Figure 5, *A–C*, show the time–frequency spectra obtained using MP for a single trial, averaged across all 186 trials and change in power from baseline, respectively. In these plots, gamma, transient activity, and the artifact at 120 Hz can be seen with high precision. The artifact due to flickering of the monitor (100 Hz) can also be seen clearly in Figure 5*B*, which is not captured by any of the other methods described above. This is because the noise and monitor artifacts are represented by sinusoids that are 2.048 s long and therefore have a resolution of ∼0.5 Hz.

Apart from using customized tiles, there are two other forms of customization that improve resolution. First, in STFT, MTM, and WT, the same set of tiles is used for all the stimulus repeats. Therefore, when we average across repeats, we only average the values in each tile. In MP, because each repeat is potentially associated with a different set of tiles, averaging across repeats also averages out the shapes of the tiles. Second, in other methods, smoothing is achieved by taking small steps in the time domain (as explained above), but this form of smoothing depends on the shape of the window and their temporal overlap, which are fixed parameters. In MP, if the number of iterations exceeds the number allowed by the time–frequency uncertainty principle, it also leads to smoothing, but here even the smoothing is customized. These customizations allow us to capture stimulus onset transients, rhythms, and stimulus artifacts at high resolution without any violation of the time–frequency uncertainty principle.

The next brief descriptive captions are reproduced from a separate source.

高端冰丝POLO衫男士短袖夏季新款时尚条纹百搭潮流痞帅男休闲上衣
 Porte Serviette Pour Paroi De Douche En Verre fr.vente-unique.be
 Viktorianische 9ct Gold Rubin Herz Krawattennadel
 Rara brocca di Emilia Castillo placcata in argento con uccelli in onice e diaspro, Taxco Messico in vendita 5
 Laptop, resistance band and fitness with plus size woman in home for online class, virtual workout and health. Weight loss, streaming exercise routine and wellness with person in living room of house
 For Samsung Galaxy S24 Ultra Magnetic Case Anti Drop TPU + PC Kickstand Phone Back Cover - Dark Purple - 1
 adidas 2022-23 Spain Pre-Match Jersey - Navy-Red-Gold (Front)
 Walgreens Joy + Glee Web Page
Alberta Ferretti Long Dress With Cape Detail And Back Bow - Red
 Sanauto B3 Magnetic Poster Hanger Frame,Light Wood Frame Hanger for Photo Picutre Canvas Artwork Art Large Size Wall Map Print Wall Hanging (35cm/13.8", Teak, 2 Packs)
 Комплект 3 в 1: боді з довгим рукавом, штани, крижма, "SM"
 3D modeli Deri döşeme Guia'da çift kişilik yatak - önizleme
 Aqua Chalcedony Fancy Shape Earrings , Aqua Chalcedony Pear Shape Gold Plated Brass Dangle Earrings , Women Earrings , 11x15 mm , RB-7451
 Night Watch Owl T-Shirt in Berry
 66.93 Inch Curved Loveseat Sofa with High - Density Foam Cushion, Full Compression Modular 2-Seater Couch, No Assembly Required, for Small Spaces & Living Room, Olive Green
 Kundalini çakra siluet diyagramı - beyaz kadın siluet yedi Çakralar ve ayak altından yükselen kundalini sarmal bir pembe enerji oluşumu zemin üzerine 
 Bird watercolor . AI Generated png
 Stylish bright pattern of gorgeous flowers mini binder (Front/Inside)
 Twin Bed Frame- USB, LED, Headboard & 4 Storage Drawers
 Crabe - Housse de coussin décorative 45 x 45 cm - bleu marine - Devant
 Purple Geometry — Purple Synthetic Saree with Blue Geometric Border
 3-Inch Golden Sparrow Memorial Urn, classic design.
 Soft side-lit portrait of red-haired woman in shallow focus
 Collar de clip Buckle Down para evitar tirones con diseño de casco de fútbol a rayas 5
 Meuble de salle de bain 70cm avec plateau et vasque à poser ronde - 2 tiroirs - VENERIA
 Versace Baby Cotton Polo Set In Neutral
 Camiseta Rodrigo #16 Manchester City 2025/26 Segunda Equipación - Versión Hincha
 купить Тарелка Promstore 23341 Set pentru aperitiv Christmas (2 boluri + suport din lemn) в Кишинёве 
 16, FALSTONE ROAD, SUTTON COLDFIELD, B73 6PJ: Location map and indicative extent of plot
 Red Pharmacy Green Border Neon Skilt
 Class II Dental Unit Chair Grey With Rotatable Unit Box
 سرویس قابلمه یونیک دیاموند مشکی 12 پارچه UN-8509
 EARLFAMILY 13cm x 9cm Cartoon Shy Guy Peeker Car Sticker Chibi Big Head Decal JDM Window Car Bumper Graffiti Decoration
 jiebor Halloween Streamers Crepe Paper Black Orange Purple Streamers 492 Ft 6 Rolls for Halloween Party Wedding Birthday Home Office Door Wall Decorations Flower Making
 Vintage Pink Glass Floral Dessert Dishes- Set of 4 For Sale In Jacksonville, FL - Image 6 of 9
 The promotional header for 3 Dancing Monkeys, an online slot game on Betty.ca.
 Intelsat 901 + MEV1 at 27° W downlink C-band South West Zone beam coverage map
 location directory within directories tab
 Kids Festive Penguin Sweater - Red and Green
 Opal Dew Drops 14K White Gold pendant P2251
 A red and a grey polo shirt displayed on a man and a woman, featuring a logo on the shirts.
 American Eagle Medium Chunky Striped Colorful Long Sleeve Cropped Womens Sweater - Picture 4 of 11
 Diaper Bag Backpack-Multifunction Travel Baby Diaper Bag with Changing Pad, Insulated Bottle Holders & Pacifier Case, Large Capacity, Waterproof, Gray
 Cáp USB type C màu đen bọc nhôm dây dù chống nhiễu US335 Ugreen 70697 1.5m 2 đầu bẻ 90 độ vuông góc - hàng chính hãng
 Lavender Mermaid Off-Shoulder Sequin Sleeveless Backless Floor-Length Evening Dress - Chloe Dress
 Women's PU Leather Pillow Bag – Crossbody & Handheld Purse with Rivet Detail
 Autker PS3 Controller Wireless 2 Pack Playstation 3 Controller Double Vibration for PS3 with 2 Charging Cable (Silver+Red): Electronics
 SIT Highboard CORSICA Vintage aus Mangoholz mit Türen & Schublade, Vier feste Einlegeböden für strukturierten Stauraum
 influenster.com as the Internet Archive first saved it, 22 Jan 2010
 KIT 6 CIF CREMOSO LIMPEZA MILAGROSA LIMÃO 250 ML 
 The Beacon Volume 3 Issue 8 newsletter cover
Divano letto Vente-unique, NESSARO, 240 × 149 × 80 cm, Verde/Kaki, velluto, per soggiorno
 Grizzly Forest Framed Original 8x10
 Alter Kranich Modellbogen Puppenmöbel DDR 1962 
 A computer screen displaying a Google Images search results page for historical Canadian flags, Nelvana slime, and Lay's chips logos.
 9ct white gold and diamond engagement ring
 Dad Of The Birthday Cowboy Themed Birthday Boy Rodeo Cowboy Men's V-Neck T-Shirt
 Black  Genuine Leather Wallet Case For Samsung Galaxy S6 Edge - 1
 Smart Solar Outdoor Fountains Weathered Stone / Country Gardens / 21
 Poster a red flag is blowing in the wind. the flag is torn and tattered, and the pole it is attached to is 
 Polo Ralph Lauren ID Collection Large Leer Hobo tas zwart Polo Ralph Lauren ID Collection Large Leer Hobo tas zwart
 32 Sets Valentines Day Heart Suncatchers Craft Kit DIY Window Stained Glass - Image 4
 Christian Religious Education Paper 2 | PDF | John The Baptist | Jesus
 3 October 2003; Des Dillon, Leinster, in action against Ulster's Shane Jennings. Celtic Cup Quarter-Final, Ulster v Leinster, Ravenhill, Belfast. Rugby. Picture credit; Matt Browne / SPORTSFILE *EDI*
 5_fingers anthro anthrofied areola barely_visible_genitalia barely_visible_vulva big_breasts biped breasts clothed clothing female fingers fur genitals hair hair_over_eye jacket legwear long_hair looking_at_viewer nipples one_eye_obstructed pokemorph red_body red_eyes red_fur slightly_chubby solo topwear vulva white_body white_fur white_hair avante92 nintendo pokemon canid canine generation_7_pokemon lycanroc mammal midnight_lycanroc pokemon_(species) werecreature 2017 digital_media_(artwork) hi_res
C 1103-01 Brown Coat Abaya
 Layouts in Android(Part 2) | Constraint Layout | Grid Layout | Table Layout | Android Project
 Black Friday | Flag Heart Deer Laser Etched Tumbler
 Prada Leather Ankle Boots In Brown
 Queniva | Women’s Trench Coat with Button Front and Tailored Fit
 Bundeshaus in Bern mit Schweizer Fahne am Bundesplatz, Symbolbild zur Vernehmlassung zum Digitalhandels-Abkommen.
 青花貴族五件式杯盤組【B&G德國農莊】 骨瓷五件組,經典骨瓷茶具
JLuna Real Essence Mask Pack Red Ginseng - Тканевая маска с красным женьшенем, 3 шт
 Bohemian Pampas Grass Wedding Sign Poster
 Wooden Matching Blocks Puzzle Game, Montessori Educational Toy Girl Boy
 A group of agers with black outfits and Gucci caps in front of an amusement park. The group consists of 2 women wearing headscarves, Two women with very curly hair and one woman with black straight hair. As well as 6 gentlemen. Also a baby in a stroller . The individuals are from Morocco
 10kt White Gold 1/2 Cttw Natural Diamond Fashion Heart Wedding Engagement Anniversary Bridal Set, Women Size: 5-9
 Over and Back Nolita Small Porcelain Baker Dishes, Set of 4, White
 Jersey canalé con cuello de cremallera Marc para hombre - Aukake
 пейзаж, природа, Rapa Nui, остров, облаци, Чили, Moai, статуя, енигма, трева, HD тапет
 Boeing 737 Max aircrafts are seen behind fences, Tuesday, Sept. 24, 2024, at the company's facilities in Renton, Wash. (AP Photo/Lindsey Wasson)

There are some important issues and limitations to MP. First, the choice of the dictionary elements is left to the user and therefore the dictionary elements should be selected so as to suit the signal to be analyzed. In an earlier study, we compared the performance of MP with different types of dictionaries and showed that the averaged time–frequency energy spectrum does not critically depend on the choice of dictionary, at least for the data used in that study (Ray et al., 2003). Second, since MP chooses atoms in a greedy fashion, if the algorithm chooses a wrong atom in an iteration, it goes on correcting this mistake in the subsequent iterations (this problem is discussed with an example in Chen et al., 2001). Algorithms like basis pursuit (Chen and Donoho, 1994; Chen et al., 2001), which is a non-greedy approach, can be explored to address this issue. Third, MP requires a large convergence time (Pati et al., 1993). Finally, if two simultaneously recorded signals are decomposed using MP, it is difficult to compare phase coupling across frequencies because a different set of atoms are used in the decomposition of each signal. This is particularly important in neurophysiological studies, where the consistency of phase relationships at a particular frequency across repeats (which can be quantified using a metric called coherence) is often of primary importance. In such cases, either methods such as MTM could be used, or MP can be used to first decompose the signal in different frequency bands by reconstructing parts of the signal from atoms that have center frequency in a specified range (Ray et al., 2008), followed by an estimation of the phase consistency of the filtered components (which are now in the same frequency range). Another option is to perform MP simultaneously on multiple channels to find common signal structures (which would be represented by a common atom) present in multiple channels (called multichannel matching pursuit; Durka et al., 2005).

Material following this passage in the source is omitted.